MJ: Shaking a baby playfully, playing with a baby and watching them smile and whatever, that is the proper parental role and in this respect, a touching would not be unlawful. A touching is only unlawful when the force applied is done without legal justification or excuse. That is to say, do you believe that the application of force by you, if it was in the extreme, was done without legal justification or excuse and was beyond this allowable parental touching?
ACC: At the time, sir, no, but after looking back on it, yes, I would say so now.

The judge believed that appellant had not admitted the wrongfulness of the touching, stemming from the assault on the infant. See para. 44b(2)(c) and (d), Part IV, Manual for Courts-Martial, United States, 1984.

. Appellant was sentenced to a dishonorable discharge, confinement for 12 years, total forfeitures, and reduction to airman basic. The sentence was approved by the convening authority, and the Court of Military Review affirmed the findings and the sentence. 32 MJ 901 (1991).
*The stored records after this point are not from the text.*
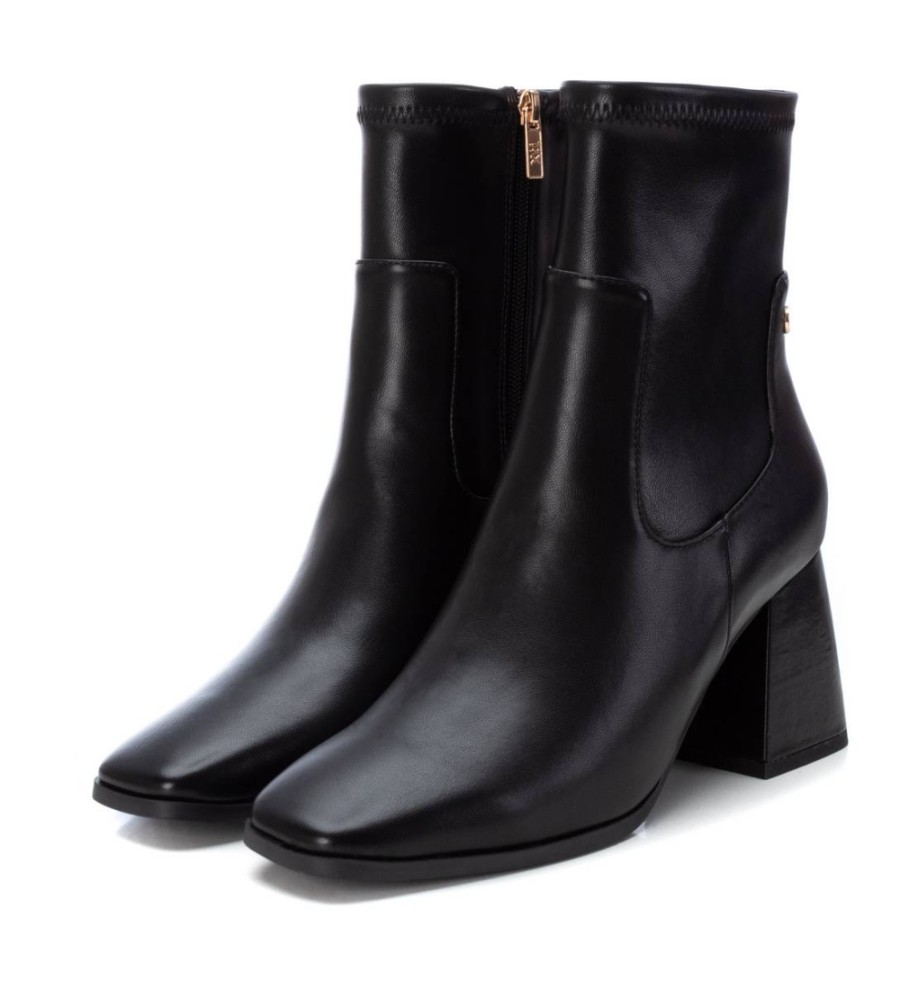 Botas de cano curto Xti 141826 pretas - Altura do salto: 7 cm -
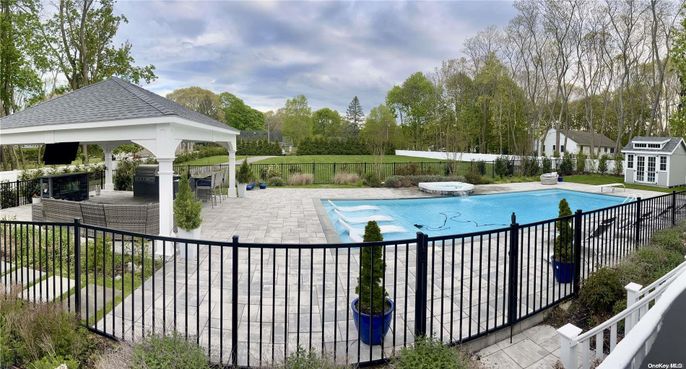 Exterior, Pool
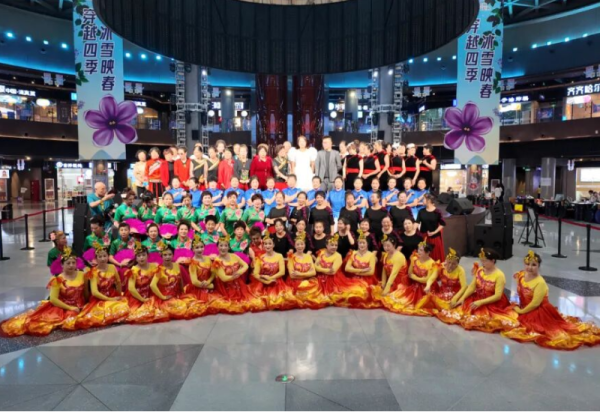 哈尔滨傲龄模舞艺术团专场演出在哈尔滨冰雪大世界冰雪美食馆精彩上演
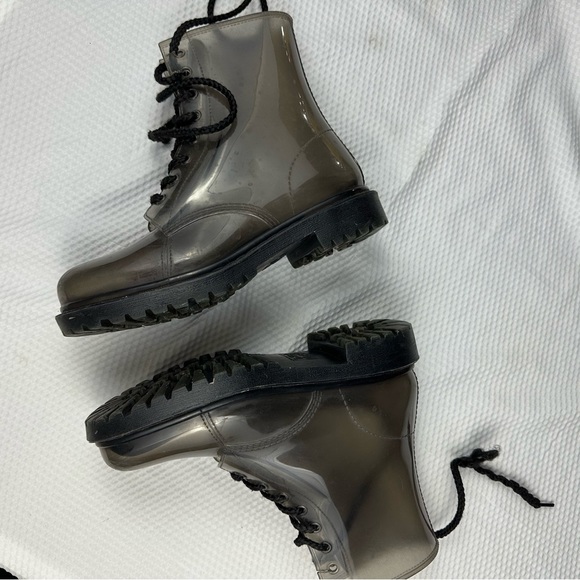 Dirty laundry transparent boot - Picture 9 of 13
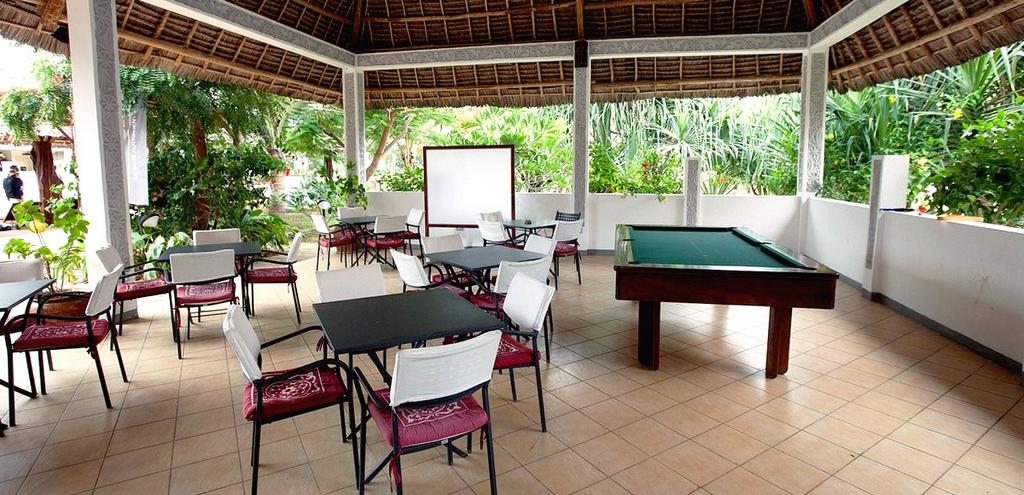 Hôtel Jaz Adonia Beach Resort 5* + Safari 1 nuit, Combiné Tanzanie, Zanzibar par Ôvoyages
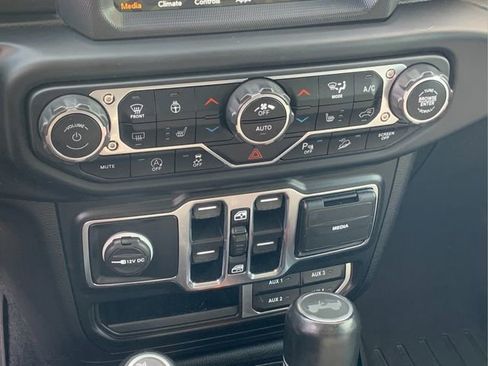 Certified 2020 Jeep Wrangler Unlimited Sahara image 16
. Further, we do not presume that defense counsel was incompetent in failing to object. Indeed, the record of trial reflects that defense counsel tactically intended and sought to keep the assigned military judge. In support, we note that suspicions about the military judge arose not from defense counsel, but rather from trial counsel. Trial counsel knew the military judge had recently presided over another "baby shaking case.” During trial counsel’s voir dire of the judge, it was further established that the same defense counsel (Major Burr) served in both cases. The judge confirmed this and also elaborated about his willingness, if requested, to submit a letter of clemency for the accused in that case. Therefore, one could conclude that defense counsel knew he had a favorable forum in which to present a defense.

. The United States Court of Appeals for the District of Columbia wrote specifically about the dichotomy and strains placed on a trial judge as follows:

The District Judge is presumed to have a trained and disciplined judicial intellect, which in a nonjury trial can receive evidence, rule on its admissibility, and discard from his eventual decision on the merits that evidence which he has ruled to be inadmissible for the purposes of his decision____

However, that same court also warned:

The disciplined judicial mind should not be subjected to any unnecessary strain; even the most austere intellect has a subconscious.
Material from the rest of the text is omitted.